I asked a friend of mine about this. who knows both companies well, and his response was, “EMC don’t play, you know that.”
I think that whoever wins (and this is my personal opinion, not that of CommVault), that it’ll be race against time.
Either company will need to extract out revenue from the acquisition faster than the dedupe market evolves and commoditizes.
It was a rich deal at $1.5B, but at $2B it feels positively giddy. You many be right though that forcing NetApp to spend $2B in cash enables them to drain NetApp’s own cash pile. That makes more sense. “Lose” to the other guy, and leave them with little extra cash to make other strategic acquisition, survive a price war, etc.
“Why on earth would they want to pay that much for another version of a feature”.
Maybe because they realize that DataDomain is the only one having a deduplication solution that really works!
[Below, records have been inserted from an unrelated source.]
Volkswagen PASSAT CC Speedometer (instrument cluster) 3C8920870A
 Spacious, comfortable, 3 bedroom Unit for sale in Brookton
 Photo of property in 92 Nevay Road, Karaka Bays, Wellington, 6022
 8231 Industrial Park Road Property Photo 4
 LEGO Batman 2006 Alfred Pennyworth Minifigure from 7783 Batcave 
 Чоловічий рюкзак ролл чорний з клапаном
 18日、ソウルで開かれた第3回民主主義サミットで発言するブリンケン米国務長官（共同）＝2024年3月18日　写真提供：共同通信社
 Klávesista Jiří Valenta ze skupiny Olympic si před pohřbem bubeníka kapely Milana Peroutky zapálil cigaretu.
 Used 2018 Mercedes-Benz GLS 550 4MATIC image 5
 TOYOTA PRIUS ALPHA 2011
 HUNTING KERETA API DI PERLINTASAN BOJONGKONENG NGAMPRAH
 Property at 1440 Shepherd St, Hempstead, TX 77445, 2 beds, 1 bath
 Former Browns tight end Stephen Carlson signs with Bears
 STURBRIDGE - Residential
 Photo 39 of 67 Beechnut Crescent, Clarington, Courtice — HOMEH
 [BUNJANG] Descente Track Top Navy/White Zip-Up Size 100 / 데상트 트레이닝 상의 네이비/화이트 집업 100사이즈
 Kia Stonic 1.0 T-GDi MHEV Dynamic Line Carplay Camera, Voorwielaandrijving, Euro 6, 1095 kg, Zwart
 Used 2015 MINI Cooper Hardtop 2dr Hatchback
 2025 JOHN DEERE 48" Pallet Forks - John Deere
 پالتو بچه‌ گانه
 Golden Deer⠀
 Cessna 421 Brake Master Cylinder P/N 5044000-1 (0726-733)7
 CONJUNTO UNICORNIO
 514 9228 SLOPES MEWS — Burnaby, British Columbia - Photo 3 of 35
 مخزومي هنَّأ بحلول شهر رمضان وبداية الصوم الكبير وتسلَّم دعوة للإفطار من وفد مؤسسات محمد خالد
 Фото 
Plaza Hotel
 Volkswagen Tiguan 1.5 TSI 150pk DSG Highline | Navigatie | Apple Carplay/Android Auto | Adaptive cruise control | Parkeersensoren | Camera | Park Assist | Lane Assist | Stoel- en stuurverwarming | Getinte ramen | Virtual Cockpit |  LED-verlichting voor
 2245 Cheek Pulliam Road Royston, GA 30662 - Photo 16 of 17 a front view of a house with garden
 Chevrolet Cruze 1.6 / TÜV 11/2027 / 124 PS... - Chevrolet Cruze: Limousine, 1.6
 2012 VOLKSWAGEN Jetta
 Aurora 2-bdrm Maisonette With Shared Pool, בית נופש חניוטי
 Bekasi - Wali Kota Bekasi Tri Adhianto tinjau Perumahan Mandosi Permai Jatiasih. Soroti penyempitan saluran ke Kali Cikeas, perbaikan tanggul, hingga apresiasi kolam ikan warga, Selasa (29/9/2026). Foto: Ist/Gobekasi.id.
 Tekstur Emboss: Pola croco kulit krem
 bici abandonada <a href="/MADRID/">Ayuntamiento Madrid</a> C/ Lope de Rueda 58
Money sitting in the bank is losing value all the time. Interest rates are terrible, the dollar is plummeting and real inflation is horrendous (and many companies are preparing themselves for even higher inflation). People and companies with cash are trying desperately to get out of it and into any other asset class. This may help to explain the rationale for this deal.
What makes it more interesting to watch is that EMC owns 400 of the 800 ways to dedupe. NetApp’s Dedupe only scaled to 16tb, so it made some sort of sense for their bid… but DD’s only scales to around 30TB, so actually, not that much sense. Unless they are targetting the mid tier with it, which likely, they are. IMHO, EMC is purely trying to stop NTAP from buyuing it.
Maybe a weird Freudian employee re-retention policy. Since a number of senior people seem to have left NetApp for DD and they would presumably be locked up for a while after an acquisition …
—I don’t think there can be a lockup unless there is additional compensation involved – this is a public company, so it’s not the same as when you buy a private entity I think. Regardless, there are a bunch of NetApp folks and a bunch of EMC folks inside of DD, each probably hoping that the other guy wins. There is probably a reason they aren’t still at their former company!
How great would that be? You leave EMC/NetApp after a fiery blowout with your boss, leave a dog turd in his filing cabinet, and two months later he owns you again!!!! Steve
Steve, HP seems left out in the cold, Symantec needs to be a player and maybe less committed to a software only model than people think, Dell has $11 bill in cash including what they raised today (see the WSJ article today where Darren Thomas, head of storage,was quoted as saying they are looking for acquisitions in storage. No one has really mentioned Oracle in all of this but clearly if Falconstor were so good wouldn’t Sun have been more competitive in dedupe? What I am saying is that the Netapp, EMC competition for DDUP could be the catalyst for the “orphans” out there to get adopted. One theory is that Netapp will bring HP in to help finance their bid for DDUP…that would be interesting.